Dopo la sentenza definitiva “Job Center”, Celestino Abbruzzese e Anna Palmieri, si sono giocati la carta della collaborazione con la giustizia, fornendo ulteriori elementi indiziari alla Dda di Catanzaro. Uno degli esponenti della famiglia “Banana” di via Popilia, nell’inchiesta antimafia sugli arresti a Cosenza, ha raccontato particolari inediti agli investigatori, circa l’andamento delle “partite” di droga non pagate. Situazioni in cui il debitore rischia grosso e per evitare guai peggiori, l’uccisione come extrema ratio, intervengono i “parenti criminali”. Così è successo anche a Cosenza.
Arresti a Cosenza, il “Sistema” anticipato da Zaffonte
Come funziona il “Sistema” della droga a Cosenza? Lo ha spiegato già il pentito Giuseppe Zaffonte, quando la Dda di Catanzaro, anticipando i temi dell’ultima indagine, aveva messo in chiaro i passaggi sul traffico di droga, nell’operazione “Overture“. Come emerge da un altro servizio pubblicato su Cosenza Channel, era proprio “Sistema” il nome dell’operazione, se non fosse stata introdotta la norma sulla presunzione d’innocenza. E il “Sistema” agiva e agisce secondo regole ferree, che tutti devono rispettare. Altrimenti le questioni vengono risolte in altri modi.
Tutti possono spacciare a Cosenza, purché si passi dai broker giusti e autorizzati. Tra questi vi sono alcuni esponenti della famiglia Abbruzzese, una buona parte degli italiani, vedi anche il coinvolgimento di Roberto Porcaro nell’operazione “Crypto” della Dda di Catanzaro, e altri gruppi che formalmente ancora non sono del tutto emersi dalle carte dell’inchiesta sugli arresti a Cosenza.
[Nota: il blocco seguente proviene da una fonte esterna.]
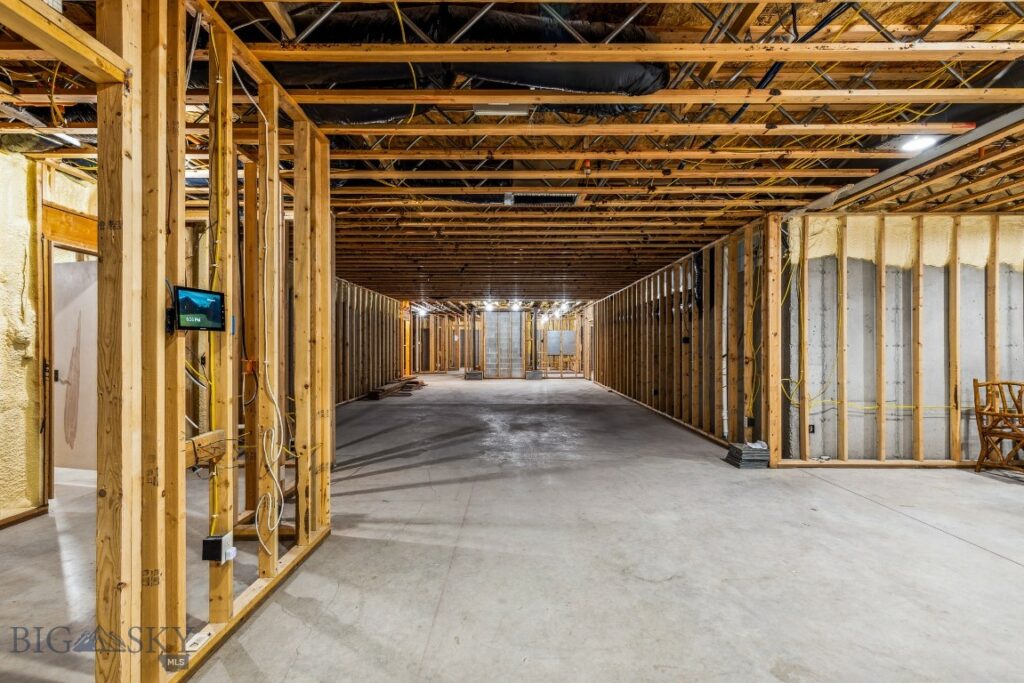 94 Sky Band Trail, Livingston MT 59047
Chi prende la “roba” sottobanco è costretto a versare una quota nella “bacinella comune” e se non lo fa viene punito.
Arresti a Cosenza, il “non detto” dell’ultima indagine antimafia
Nel “non detto” dell’indagine della Dda di Catanzaro, che ha retto dinanzi al Riesame di Catanzaro, sia per quanto riguarda l’associazione mafiosa che per il narcotraffico, emergono storie di vita reale che illustrano nel bene o nel male cosa succede in strada. Il racconto, con dovizia di particolari, è di Anna Palmieri, moglie di Celestino Abbruzzese. La donna, collaboratrice di giustizia, davanti al magistrato Giuseppe Cozzolino, applicato alla Dda di Catanzaro, per il procedimento in corso nella fase preliminare, ha svelato altri “canali“, evidenziando come in un caso, per un debito non pagato a uno dei cosiddetti “italiani” sono stati costretti ad intervenire, tutelando l’incolumità del loro parente. Vicenda, a dire della pentita, che si concluderà con il pagamento della somma e il superamento dei contrasti che, in caso contrario, sarebbero potuti sfociare in altro.